La carriera di insegnante e l'allontanamento dalla militanza
Ripresi gli studi nel 1880, si laureò in lettere nel 1882, iniziando poi la sua carriera di insegnante dapprima nei licei e poi all'università. In quegli anni rallentò il suo impegno politico, soprattutto per ragioni di prudenza. Era anche il periodo di crisi dell'Internazionale e del prevalere del marxismo, la cui visione politica era in parte lontana da quella di Pascoli dei primi anni. Il poeta non rinnegò le idee socialiste, ma evitò in seguito di esporsi in prima persona. Fu lui stesso a chiarire questo punto in una intervista [4] del 1894 a Ugo Ojetti in cui spiegava di aver abbandonato il socialismo militante in quanto non compatibile con la sua professione di docente statale. Ecco le sue parole, non prive di amarezza: «Io sono socialista. Sono stato nel partito militante. Poi mi sono affievolito, da quel lato. E si intende. Sai ch'io sono un insegnante e per mangiare bisogna fare il proprio dovere. Veramente la parola socialismo, come la parola anarchia, ha preso dei significati così varii, a volta pusilli, a volta larghissimi: e non c'è da fidarcisi. Ma nel senso, diremo così, etimologico, io sono socialista. E in quello che scrivo, applico questo pensiero mio».
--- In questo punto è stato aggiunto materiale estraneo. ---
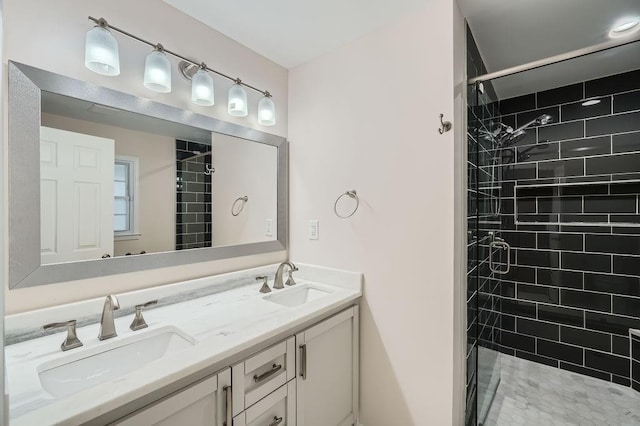 bathroom with double vanity, tiled shower, and a sink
La maturità e il "socialismo patriottico"
Prova principe del definitivo distacco dalle idee giovanili può essere considarato l'inno Al Re Umberto [5], composto nel 1900, quando Umberto I venne ucciso da Gaetano Bresci [6]: Pascoli, rimasto amareggiato dall'accaduto, accompagnò all'inno, apparso sul settimanale Il Marzocco, una dedica in cui univa i temi del patriottismo a quelli del socialismo, diventando un predecessore del patriottismo socialista o del socialismo nazionale (posizione che da quel momento in avanti mantenne sempre): «Dedico quest'inno al Partito dei giovani, cioè ai giovani senza partito, cioè ai giovani ancor liberi, che vogliono conservare la libertà che è così cara che la vita non è più cara: la libertà dei palpiti del cuore! Sì che il loro cuore può battere per le otto ore di lavoro e per la spedizione in Cina, ed esecrare il domicilio coatto e abominare l'assassinio politico, e alzare il medesimo inno al muratore che cade dal palco e all'artigliere che spira abbracciato al suo cannone. Siate degni di Dante, o figli di Dante!».
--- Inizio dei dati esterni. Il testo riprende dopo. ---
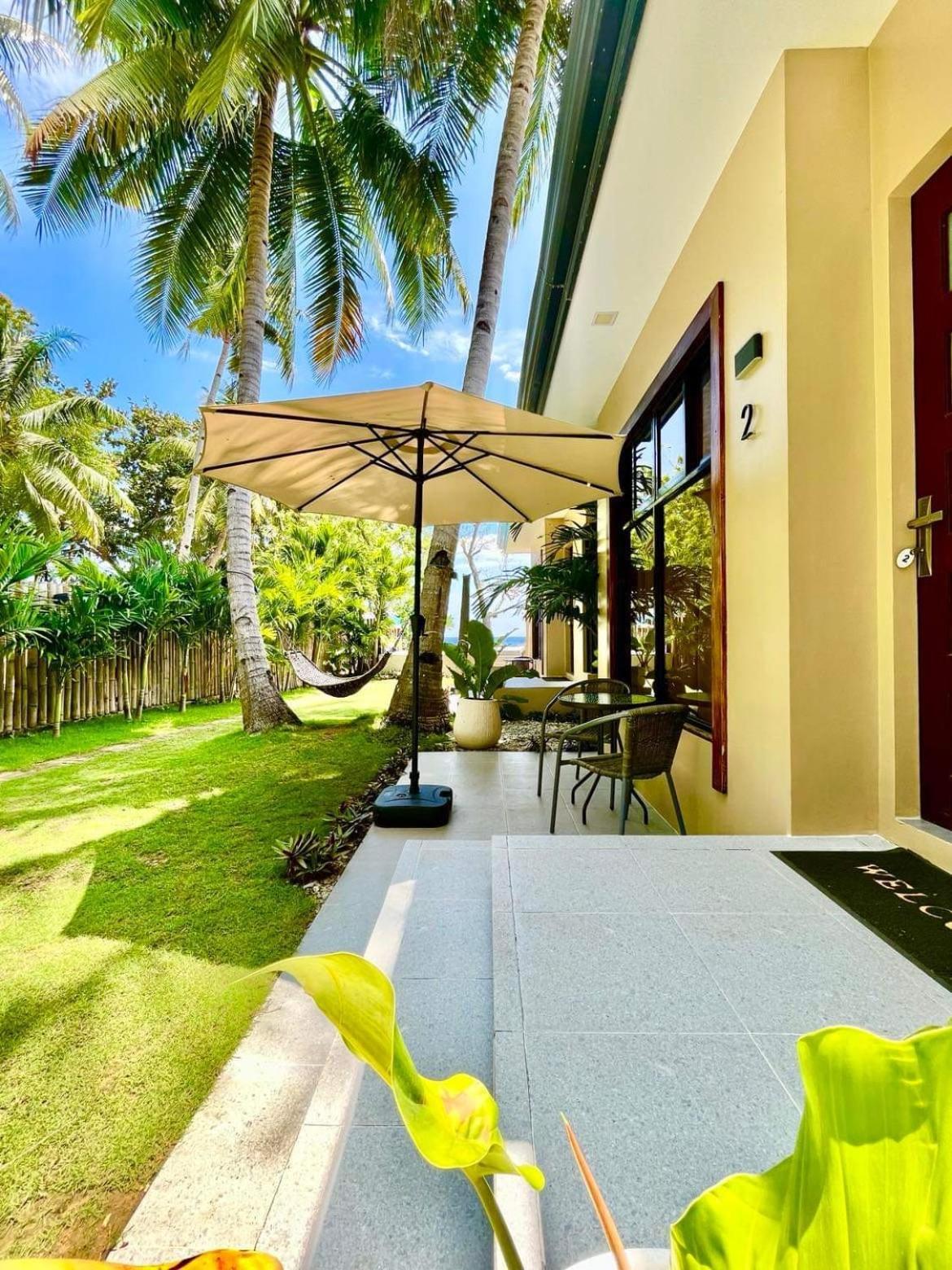 Southseas Beach Resort And Dive Center Santander Buitenkant foto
Il Pascoli maturo coltivò quindi la sua fede socialista, ma non più in direzione dell'anarchia e della rivoluzione, piuttosto verso una solidarietà umana tra lavoratori, auspicando delle riforme sociali ed economiche che migliorassero la condizione dei poveri. Si interessò ai problemi dei piccoli contadini, spesso privi di terra e costretti a emigrare all'estero, e sperò che una politica di prestiti agevolati consentisse loro di acquistare un podere con cui sostenersi, con un programma umanitario e filantropico. Si trattava di una visione decisamente distante dalle idee giovanili e non molto realistica, dato che la crisi della piccola proprietà agricola si accentuò agli inizi del '900. Ciò spiega in parte la svolta politica di Pascoli degli ultimi anni: Pascoli si convinse che i problemi dei lavoratori si potevano risolvere con la politica coloniale e la lotta tra le nazioni, occupando cioè terre straniere dove i contadini sarebbero stati coloni e non più migranti sfruttati all'estero. In questo senso va letto il discorso «La grande proletaria si è mossa», pronunciato nel 1911 per celebrare i morti e i feriti della guerra di Libia, e in generale il favore accordato a quell'impresa come mezzo per dare speranza agli italiani impoveriti dalla crisi. Dunque la parabola politica di Pascoli non fu priva di contraddizioni, ma la sua militanza giovanile si inseriva in un Paese segnato da gravi tensioni, in cui il problema della povertà era diffuso e almeno in parte vissuto da lui stesso in prima persona. La sua posizione, per certi versi ingenua, ebbe il merito di riflettere nei suoi testi un tema non molto trattato al tempo se non in termini conservatori come, ad esempio, dall'ultimo Verga: nelle opere di Pascoli entrano i poveri e gli emigranti, verso i quali ebbe un sincero interesse.
Note
- ↑ Si era diplomato a Cesena nel 1873 e poté frequentare l'università grazie a una borsa di studi, vinta anche per interessamento di Giosuè Carducci.
- ↑ La morte del ricco
- ↑ L'ode venne subito dopo strappata (probabilmente per timore di essere arrestato o forse per essersi pentito, pensando all'assassinio del padre) e di essa si conoscono solamente gli ultimi due versi tramandati oralmente: «colla berretta d'un cuoco, faremo una bandiera».
- ↑ Alla scoperta dei letterati
- ↑ Al Re Umberto
- ↑ Quando il re Umberto venne colpito a morte, fu lo stesso Pascoli a incaricarsi di dar voce al dolore esterrefatto della nazione, essendo il suo maestro Giosuè Carducci impossibilitato a farlo per via della paralisi provocatagli da un ictus.